Task description - Each line below from the line with "Rozbita sedacka za odvoz." to the line with "worn 3 times" must be copied exactly, including those two, and no picture may appear in the copy.

Given data -
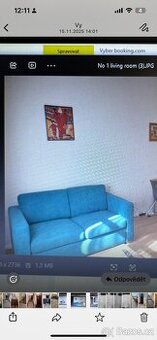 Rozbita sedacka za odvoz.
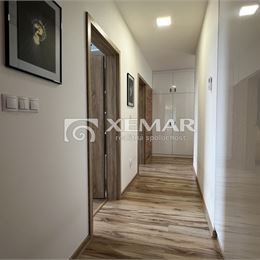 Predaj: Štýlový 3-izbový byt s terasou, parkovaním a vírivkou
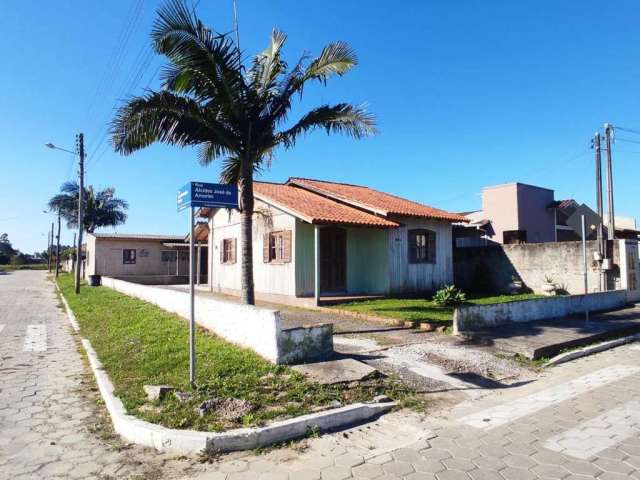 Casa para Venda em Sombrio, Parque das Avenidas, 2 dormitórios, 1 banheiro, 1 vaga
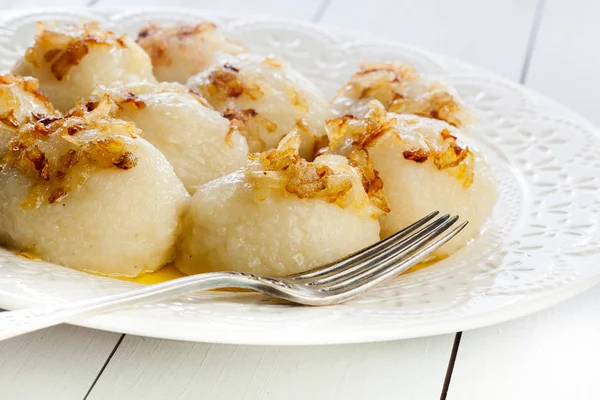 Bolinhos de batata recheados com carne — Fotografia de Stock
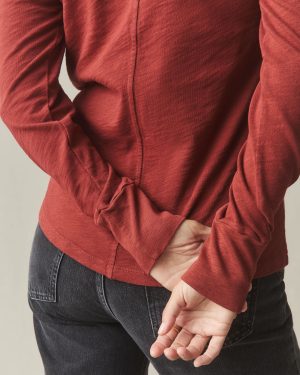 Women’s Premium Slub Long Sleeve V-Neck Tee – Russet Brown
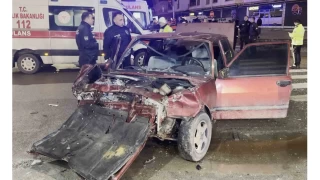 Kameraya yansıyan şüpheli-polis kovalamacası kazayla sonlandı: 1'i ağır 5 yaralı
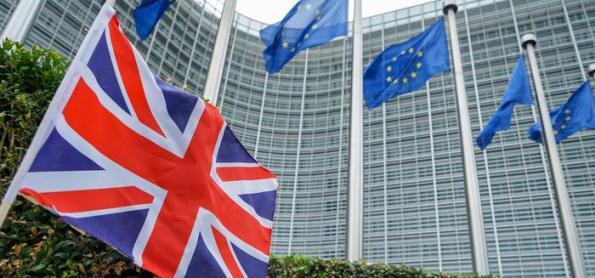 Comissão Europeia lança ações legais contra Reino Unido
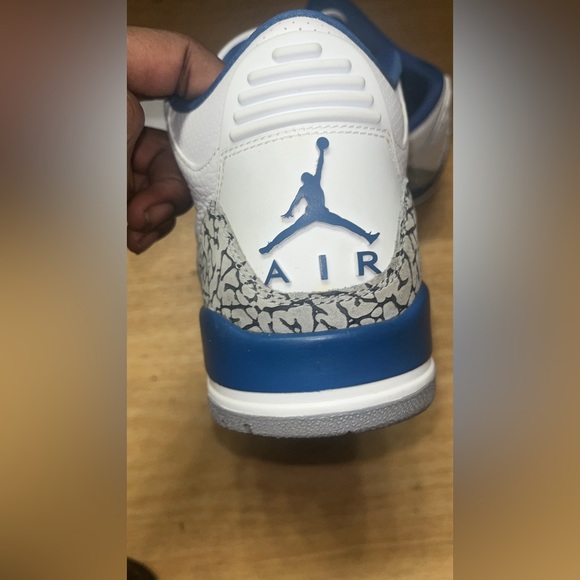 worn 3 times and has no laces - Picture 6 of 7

* * *

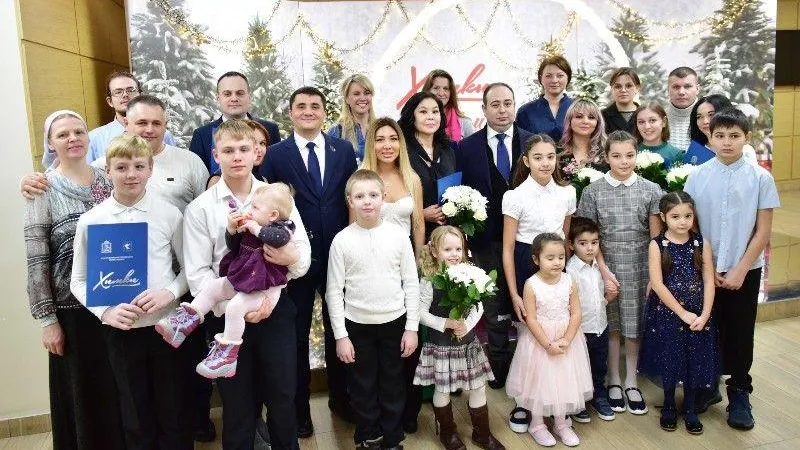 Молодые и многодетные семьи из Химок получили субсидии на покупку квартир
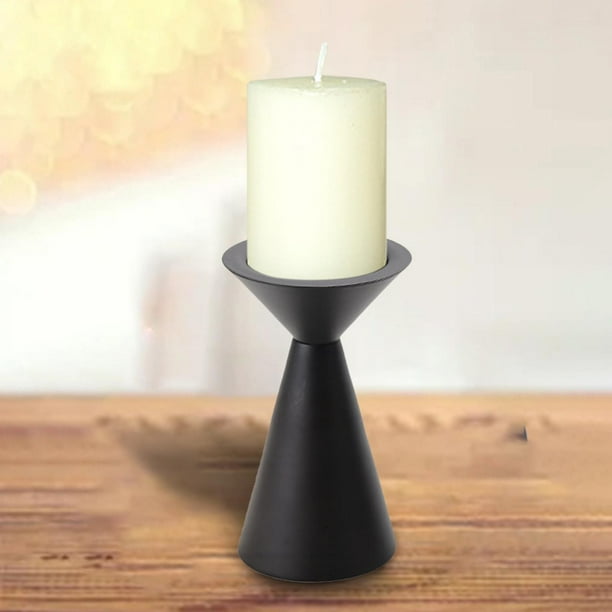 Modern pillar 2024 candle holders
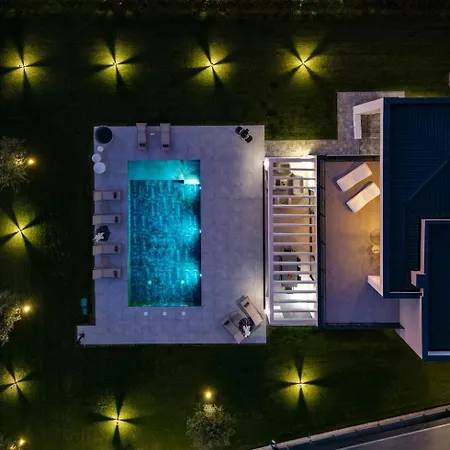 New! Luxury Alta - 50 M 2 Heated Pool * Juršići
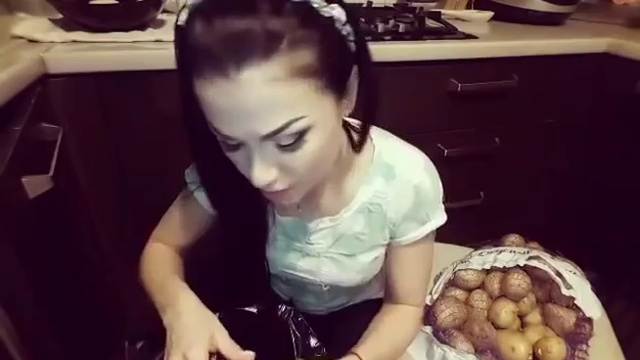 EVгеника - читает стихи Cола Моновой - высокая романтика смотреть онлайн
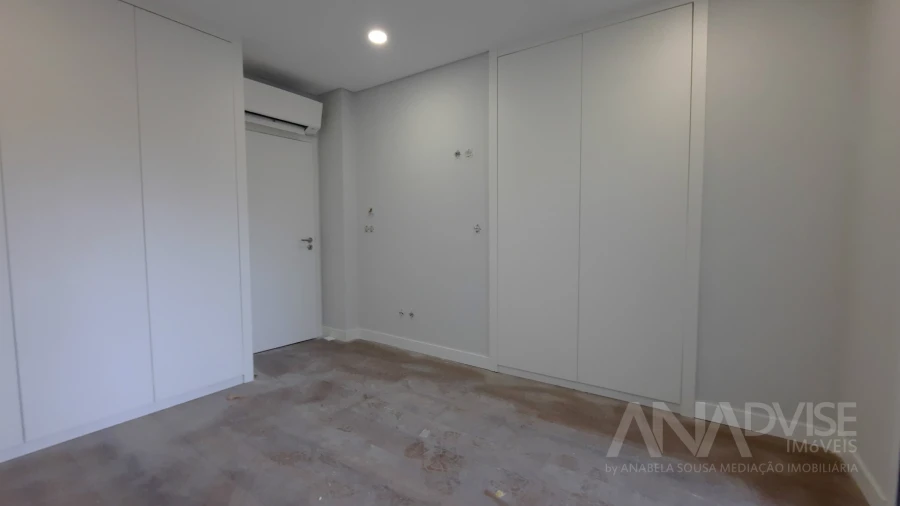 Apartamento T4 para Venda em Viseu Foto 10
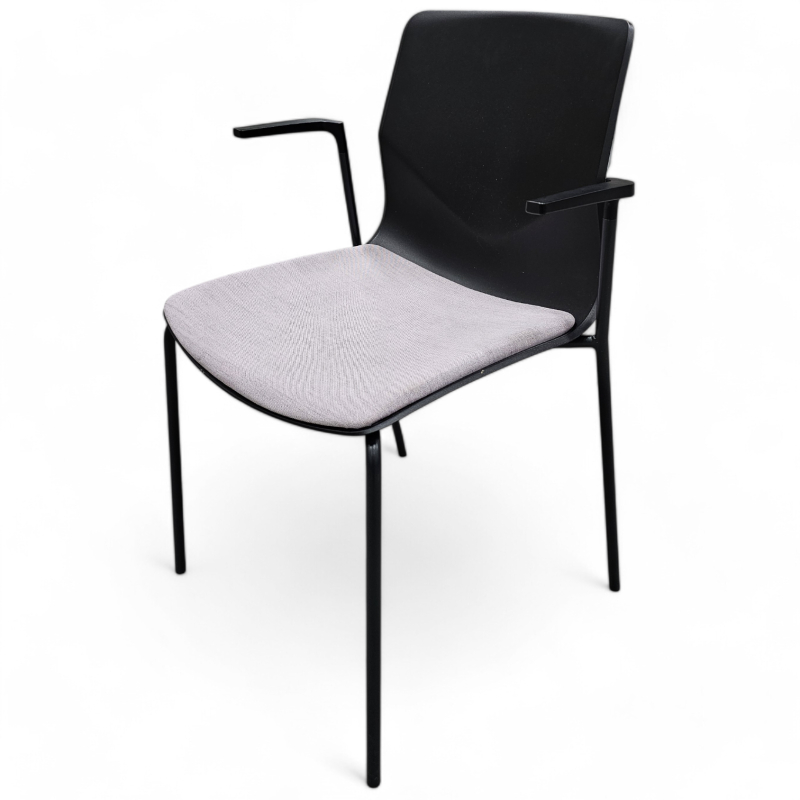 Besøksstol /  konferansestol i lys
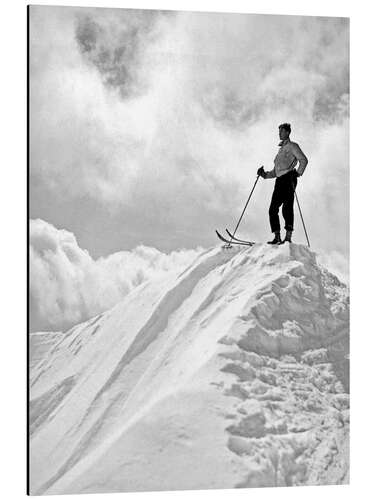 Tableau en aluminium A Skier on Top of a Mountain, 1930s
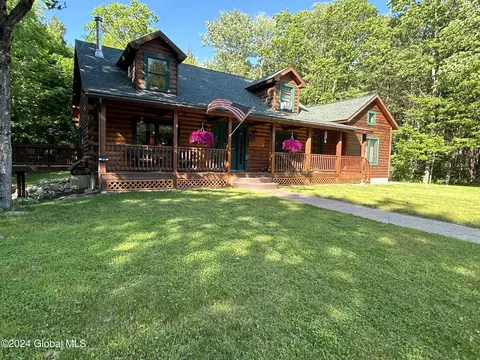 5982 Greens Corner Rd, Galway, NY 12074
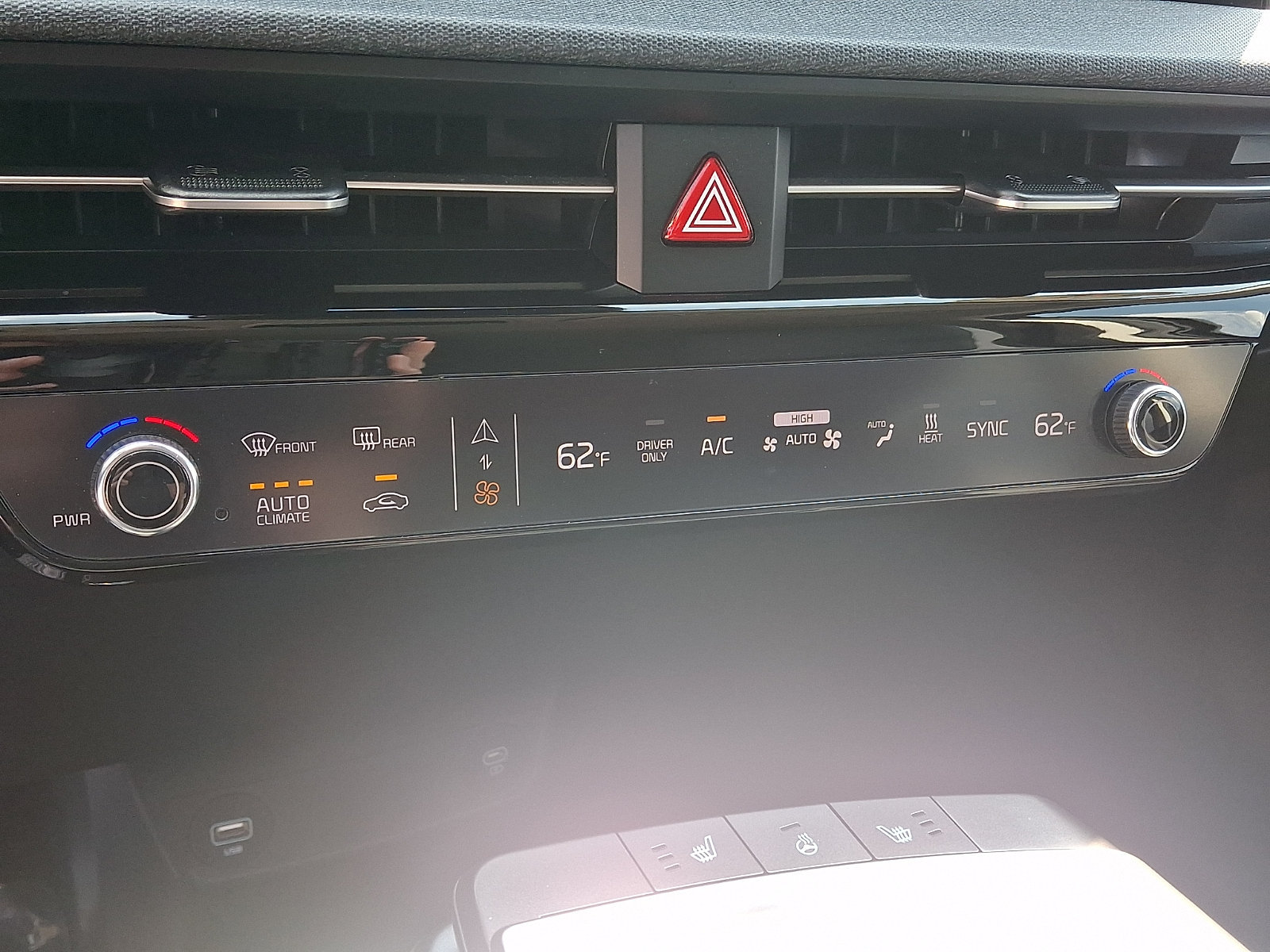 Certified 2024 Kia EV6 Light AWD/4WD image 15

==

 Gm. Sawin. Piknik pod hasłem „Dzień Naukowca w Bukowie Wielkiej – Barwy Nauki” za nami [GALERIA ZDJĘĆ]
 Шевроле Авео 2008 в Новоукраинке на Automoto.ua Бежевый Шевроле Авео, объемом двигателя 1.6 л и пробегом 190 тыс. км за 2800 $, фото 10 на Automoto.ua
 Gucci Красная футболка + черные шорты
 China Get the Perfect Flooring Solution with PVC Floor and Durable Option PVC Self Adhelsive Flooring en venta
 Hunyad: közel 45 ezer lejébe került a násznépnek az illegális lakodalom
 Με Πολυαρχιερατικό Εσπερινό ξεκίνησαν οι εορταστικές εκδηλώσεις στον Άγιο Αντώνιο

Solution -
 Rozbita sedacka za odvoz.
 Predaj: Štýlový 3-izbový byt s terasou, parkovaním a vírivkou
 Casa para Venda em Sombrio, Parque das Avenidas, 2 dormitórios, 1 banheiro, 1 vaga
 Bolinhos de batata recheados com carne — Fotografia de Stock
 Women’s Premium Slub Long Sleeve V-Neck Tee – Russet Brown
 Kameraya yansıyan şüpheli-polis kovalamacası kazayla sonlandı: 1'i ağır 5 yaralı
 Comissão Europeia lança ações legais contra Reino Unido
 worn 3 times and has no laces - Picture 6 of 7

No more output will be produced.